Nach Einschätzung von Schulleitern in Baden-Württemberg nimmt die Zahl körperlicher Angriffe und Beleidigungen gegen Lehrer zu. Das ist das Ergebnis einer Umfrage des Landesverbands Bildung und Erziehung (VBE), die vor den Corona-Einschränkungen erhoben wurde. Der Anteil der Berichte über Angriffe auf Lehrer und auch Mobbing im Internet ist nach Angaben der Studie im Südwesten aber niedriger als im Bundesgebiet insgesamt.

Knapp jede vierte Schulleitung berichtet über Fälle von körperlichen Angriffen gegen Lehrer in den vergangenen fünf Jahren; 2018 waren es noch 16 Prozent. Auch bundesweit nahmen die Attacken zu.
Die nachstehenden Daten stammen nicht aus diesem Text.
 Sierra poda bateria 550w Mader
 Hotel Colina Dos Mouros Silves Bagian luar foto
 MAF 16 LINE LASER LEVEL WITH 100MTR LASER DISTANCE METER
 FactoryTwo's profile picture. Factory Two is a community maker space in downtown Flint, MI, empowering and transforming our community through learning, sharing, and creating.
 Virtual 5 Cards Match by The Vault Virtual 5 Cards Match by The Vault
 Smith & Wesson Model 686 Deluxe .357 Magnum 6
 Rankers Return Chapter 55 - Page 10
Im Vergleich zum Jahr 2018 wuchs in Baden-Württemberg außerdem die Zahl der Fälle, in denen Pädagogen beschimpft, bedroht oder gemobbt wurden. Die Beleidigungen und Bedrohungen gingen aber nicht ausschließlich von Schülern aus - auch Eltern beleidigten Lehrer, wie der Landesverbandsvorsitzende Gerhard Brand am Donnerstag in Stuttgart mitteilte.
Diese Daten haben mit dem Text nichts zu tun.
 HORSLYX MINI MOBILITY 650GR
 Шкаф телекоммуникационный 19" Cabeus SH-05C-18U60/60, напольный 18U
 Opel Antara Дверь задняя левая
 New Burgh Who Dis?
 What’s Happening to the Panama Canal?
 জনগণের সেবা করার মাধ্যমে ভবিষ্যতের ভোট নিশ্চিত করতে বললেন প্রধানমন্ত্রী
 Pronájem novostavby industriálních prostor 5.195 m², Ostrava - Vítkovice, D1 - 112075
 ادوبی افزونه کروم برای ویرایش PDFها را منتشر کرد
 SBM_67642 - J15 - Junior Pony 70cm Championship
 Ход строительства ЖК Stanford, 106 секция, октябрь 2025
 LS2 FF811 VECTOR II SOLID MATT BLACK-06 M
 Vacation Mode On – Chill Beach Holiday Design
Für die Umfrage wurden bundesweit 1302 Schulleiter befragt, darunter 251 in Baden-Württemberg. Schulleitungen teilten vermehrt mit, es falle schwerer, Lehrkräfte nach Gewaltfällen zu unterstützen. Vor zwei Jahren hatten noch 85 Prozent der Schulleiter angegeben, dass dies kein Problem sei; bei der aktuellen Umfrage war es die Hälfte der Befragten. „Wir beobachten einen doppelten Negativtrend: Während Gewaltvorfälle stark steigen, kann zugleich die dringend benötigte Unterstützung nach einem Gewaltvorfall immer seltener geleistet werden“, sagte Brand.
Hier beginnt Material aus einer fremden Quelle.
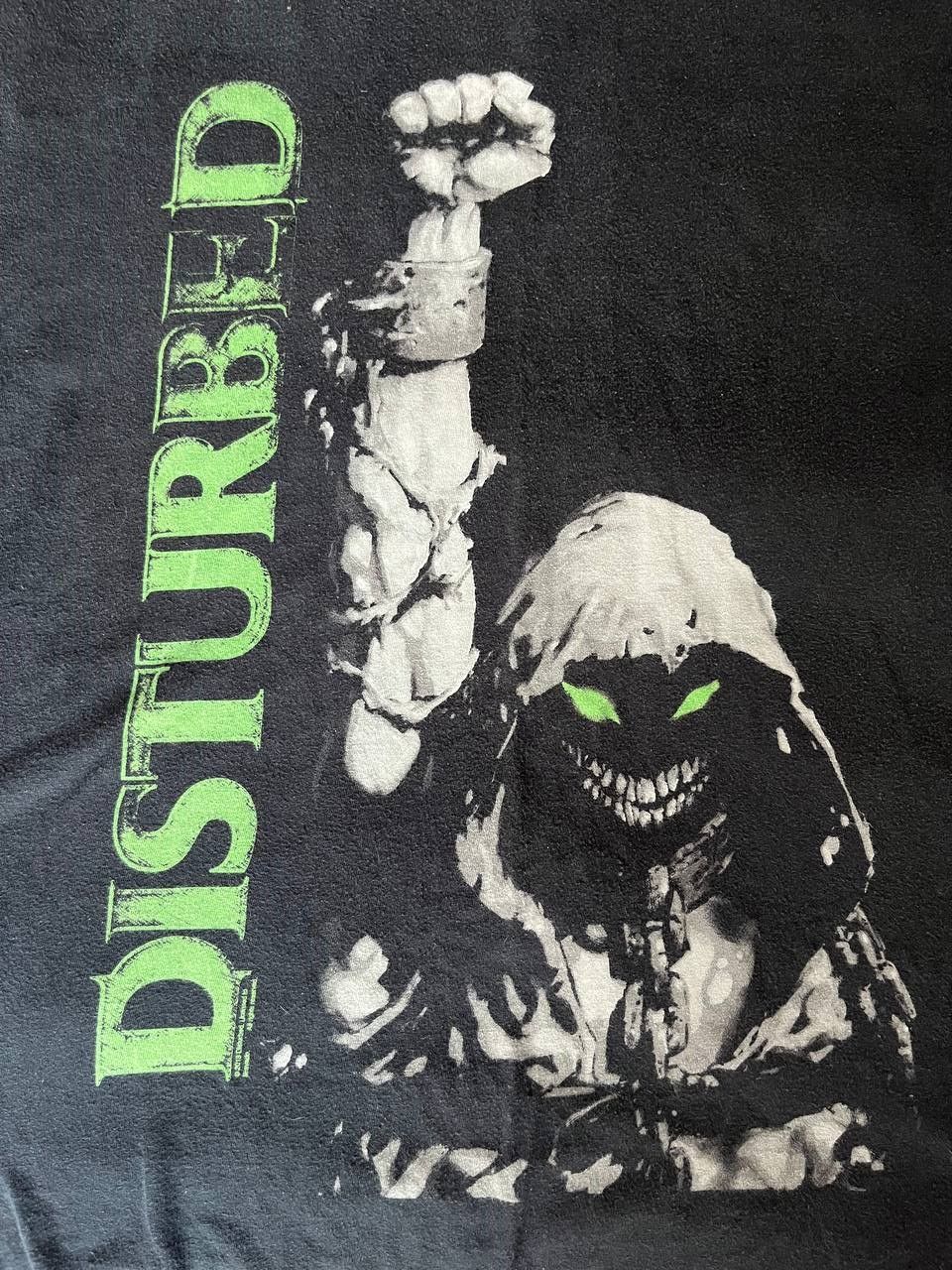 Gildan DISTURBED 2013 Size US XL / EU 56 / 4 - 1 Thumbnail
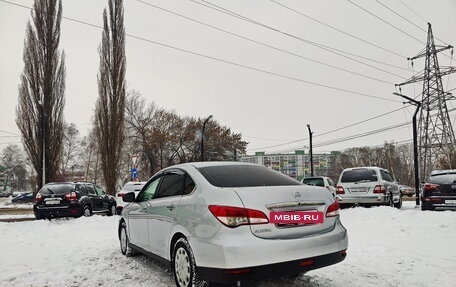 Nissan Almera, 2018 год, 680 500 рублей, 4 фотография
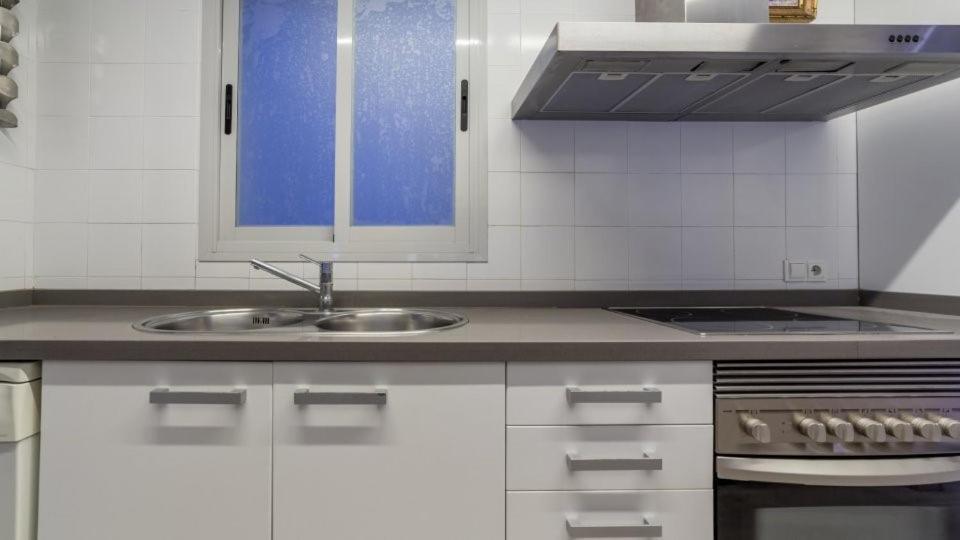 La Morella Del Carmen Apartment Valencia Ngoại thất bức ảnh
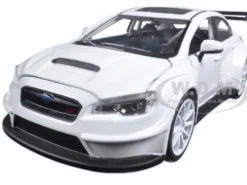 Mr. Little Nobody's Subaru WRX STI Fast & Furious F8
Zudem stieg die Zahl der Fälle von Cyber-Mobbing. Kinder trauten sich im Internet eher, anonym Lehrer zu beleidigen, erklärte Brand. „Die Schüler sind nicht per se böse, sondern steigern sich häufig da rein. Wenn man die Aussagen liest, können sie sehr bedrohlich wirken.“

Efthymios Vlahos ist Schulleiter an einer Grund und Werkrealschule in Remchingen, zwischen Karlsruhe und Pforzheim. Er hat selbst Gewalt erlebt: Ein betrunkener Zehntklässler bedrohte und verfolgte den 35-Jährigen vor einigen Jahren, nachdem Vlahos ihn gebeten hatte, das Schulgelände zu verlassen. „Ihm sind die Sicherungen durchgebrannt, mit einer Wodka-Flasche wollte er auf mich los“, erinnert er sich. Im Endeffekt ließ der Schüler von dem Rektor ab.

Da der Zehntklässler vor dem Abschluss stand, habe er nur noch das Zeugnis zugeschickt bekommen. Beide haben sich nie wieder gesehen. „Direkte Gewalt ist die Ausnahme im Schulbetrieb“, sagte Vlahos. Die Konfrontation habe ihn gelehrt, in manchen Situation besser aufzupassen.

Die aktuellen Zahlen überraschen den Schulleiter nicht. „Ich kann es teilweise beobachten, dass gewisse Tugenden wie Höflichkeit und Respekt bei einigen Schülern in Vergessenheit geraten.“ Bei manchen Schülern sei die Gewaltschwelle niedriger. Eltern spielten ebenfalls eine Rolle, wenn sie Gewalt und Beleidigungen abwiegelten.

Auch die Kriminalstatistik der Polizei in Baden-Württemberg wies 2019 eine Zunahme an Bedrohungen und Körperverletzungen gegen Lehrer und Pädagogen auf. Die Anzahl der Straftaten stieg auf 79; ein Jahr zuvor waren es 61, 2017 noch 47, wie ein Sprecher des Innenministeriums angab.

Der VBE fordert vom Kultusministerium mehr Medienbildung an den Schulen. Diese seien deswegen sowohl finanziell als auch zeitlich zu entlasten. Zudem sind Fachkräfte wie Sozialarbeiter und Psychologen aus Sicht von Verbandschef Brand dringend notwendig. Lehrer müssten mehr psychologische Hilfe bekommen. Dies sieht auch Rektor Vlahos so: „Die Schule allein kann das nicht bewältigen.“

Gewaltvorfälle müssen laut Kultusministerin Susanne Eisenmann (CDU) thematisiert und aufgearbeitet werden. Den Betroffenen stünden 28 psychologische Beratungsstellen und unter anderem ein Kompetenzzentrum Schulpsychologie der Universität Tübingen zur Seite. „Die Ergebnisse werden wir analysieren und überprüfen, inwiefern die bestehenden Angebote modifiziert oder ausgebaut werden können“, sagte Eisenmann am Donnerstag.